For audio hosted elsewhere, provide a public URL directly.
curl -X POST https://api.case.dev/voice/transcription \
  -H "Authorization: Bearer sk_case_YOUR_API_KEY" \
  -H "Content-Type: application/json" \
  -d '{
    "audio_url": "https://storage.example.com/deposition.m4a",
    "speaker_labels": true,
    "auto_chapters": true
  }'
Response
{
  "id": "474e21cf-fd65-45d4-97fd-87558f7caf9b",
  "status": "queued",
  "audio_url": "https://storage.example.com/deposition.m4a",
  "created_at": "2025-11-04T09:15:30Z"
}

Parameters

Vault Mode

ParameterTypeRequiredDescription
vault_idstringYesVault containing the audio file
object_idstringYesObject ID of the audio file
formatstringNoOutput format: json (default) or text
speaker_labelsbooleanNoIdentify different speakers
language_codestringNoLanguage code (auto-detected if omitted)

Direct URL Mode

ParameterTypeRequiredDescription
audio_urlstringYesURL to audio/video file (max 5GB, 10 hours)
webhook_urlstringNoURL for completion notification

Shared Options

ParameterTypeDefaultDescription
speaker_labelsbooleanfalseIdentify different speakers
speakers_expectednumberExpected number of speakers
language_codestringautoLanguage code (en, es, fr, de, etc.)
speech_modelsarray["universal-3-pro", "universal-2"]Priority-ordered speech models to use
punctuatebooleantrueAdd punctuation
format_textbooleantrueFormat numbers, dates, etc.
word_boostarrayBoost specific words (e.g., legal terms)
auto_highlightsbooleanfalseDetect key phrases
content_safety_labelsbooleanfalseFlag sensitive content

Get Results (Direct URL Mode)

curl https://api.case.dev/voice/transcription/JOB_ID \
  -H "Authorization: Bearer sk_case_YOUR_API_KEY"
Response (completed)
{
  "id": "474e21cf-fd65-45d4-97fd-87558f7caf9b",
  "status": "completed",
  "audio_duration": 3847000,
  "confidence": 0.94,
  "text": "Q: Can you state your name for the record?\nA: My name is Dr. Sarah Johnson...",
  "utterances": [
    {
      "speaker": "A",
      "text": "Can you state your name for the record?",
      "start": 120,
      "end": 2450
    },
    {
      "speaker": "B",
      "text": "My name is Dr. Sarah Johnson.",
      "start": 2450,
      "end": 4820
    }
  ],
  "chapters": [
    {
      "headline": "Witness Introduction",
      "summary": "Introduction and witness identification",
      "start": 120,
      "end": 15000
    }
  ]
}

Status Values

StatusMeaning
queuedWaiting to start
processingTranscribing
completedDone, results ready
failedError occurred

Processing Times

Audio LengthTime
1 minute~15 seconds
10 minutes~1-2 minutes
1 hour~8-10 minutes
3 hours~20-30 minutes

Examples

Deposition with Speaker Labels (Vault Mode)

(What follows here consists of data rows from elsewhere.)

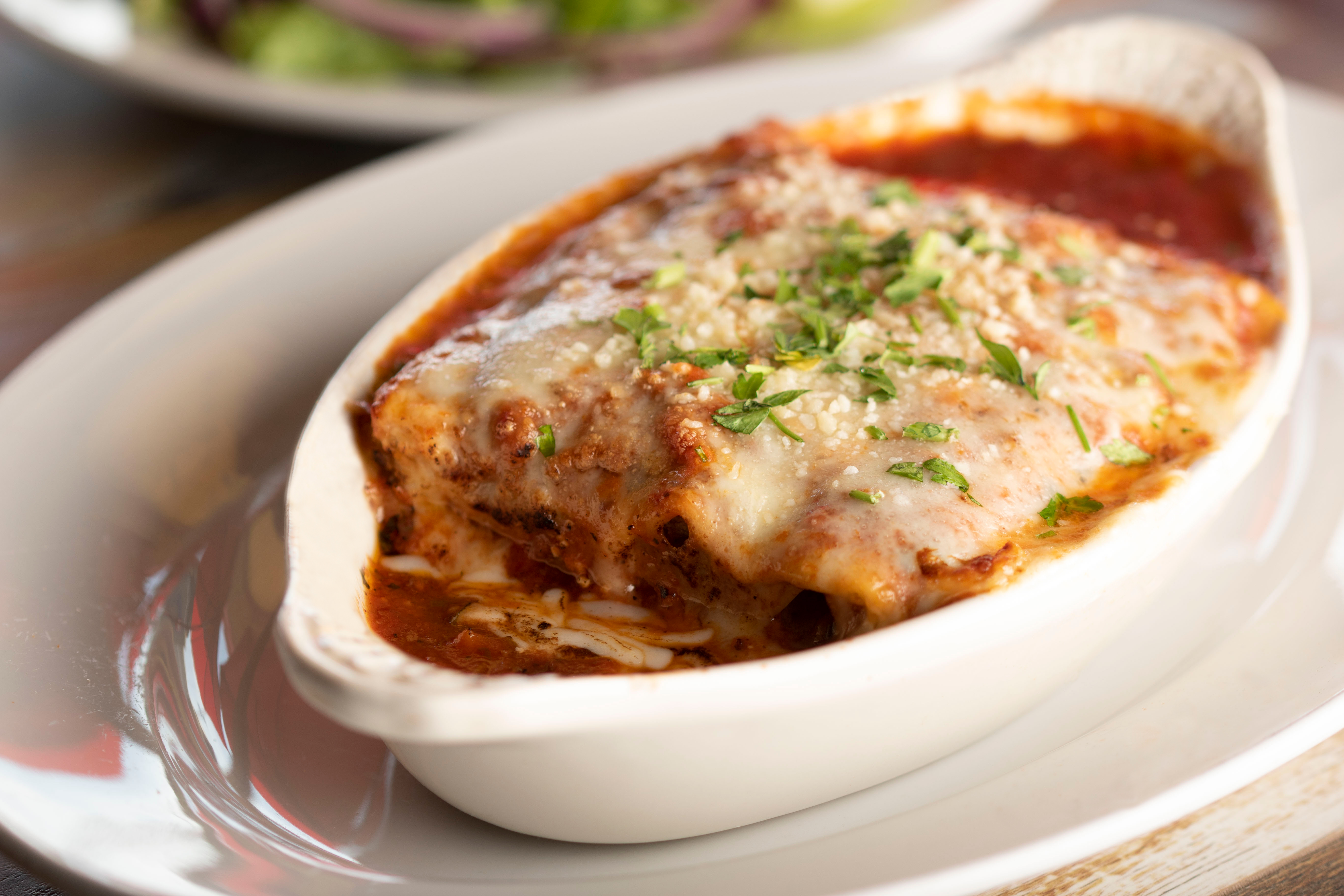 Order Russo’s Lasagna food online from Russo's New York Pizzeria store, Houston on bringmethat.com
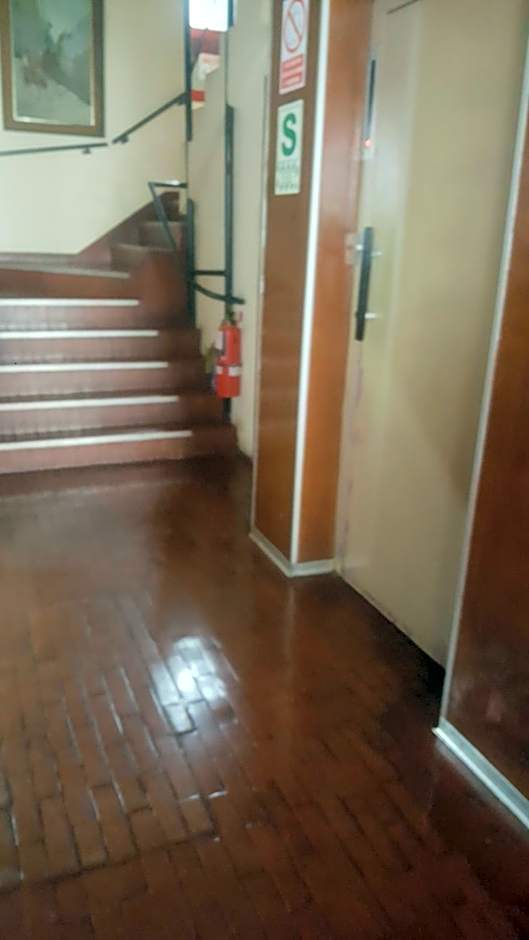 Suite Service Apart Hotel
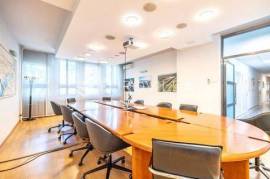 Zagreb, Folnegovićevo naselje, office space 656 m² on the 3rd floor of an office building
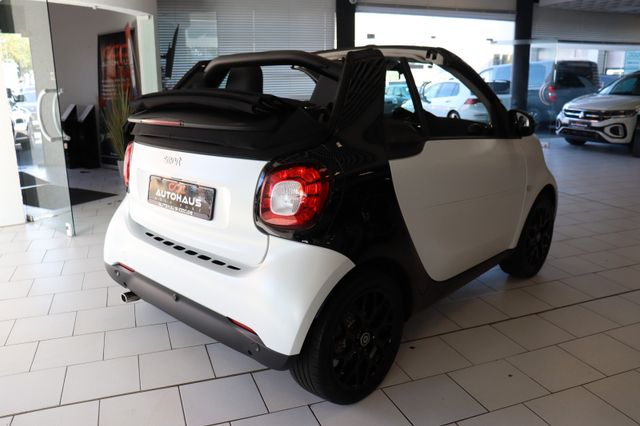 Fahrzeugabbildung Smart ForTwo Cabrio|AUT.|NAVI|LEDER|SHZ|JBL|LED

casedev voice:transcription create \
  --vault-id vault_depositions \
  --object-id "$OBJECT_ID" \
  --speaker-labels \
  --speakers-expected 4 \
  --word-boost "plaintiff,defendant,objection,sustained,overruled"

Court Recording (Direct URL with Webhook)

casedev voice:transcription create \
  --audio-url "https://storage.example.com/3-hour-hearing.m4a" \
  --speaker-labels \
  --webhook-url "https://your-app.com/webhooks/transcription"

Supported Formats

Audio: MP3, M4A, WAV, FLAC, OGG, OPUS, WebM
Video: MP4, WebM, MOV, AVI, MKV (audio track extracted)
Languages: 100+ including English, Spanish, French, German, Chinese, Japanese
Pricing: $0.01/minute. A 2-hour deposition costs $1.20.